Very nice looking tank.

A donde en Barcelona compraste esa rocas?

What kind of light fixture is that?


----------



## Puffbug (Mar 30, 2011)

Fantastic display. I like the varied rock size and structure while it just has a flow throughout the whole scene. Great job!


----------



## MaryD (Jan 6, 2009)

Nice growth, Pele!


----------



## pele (Mar 3, 2009)

Thanks all!!!

Stones are from Sirocco, a shop out of Barcelona


----------



## Csr (Feb 26, 2011)

Thanks Pele

I've heard of the place. The make tanks and stands.

I will have to check them out when I there in 2 weeks.

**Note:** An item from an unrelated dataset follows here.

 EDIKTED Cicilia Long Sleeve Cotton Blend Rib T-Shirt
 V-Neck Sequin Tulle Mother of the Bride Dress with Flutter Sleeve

Sorry to ask again but what Kind of light are you using?


----------



## pele (Mar 3, 2009)

I use 55w pll 6500k 

Look the video and enjoy it, if you can look it in hd (select 720p)! Be careful with otto! :croc:


----------



## XMX (Feb 17, 2011)

Those are some amazing rocks! Great job on the scape, too! What kind of shrimps are those? I don't think I've seen any with white eggs before.


----------



## pele (Mar 3, 2009)

There are withe pearl / snow ball Neocaridina cf. zhangjiajiensis


----------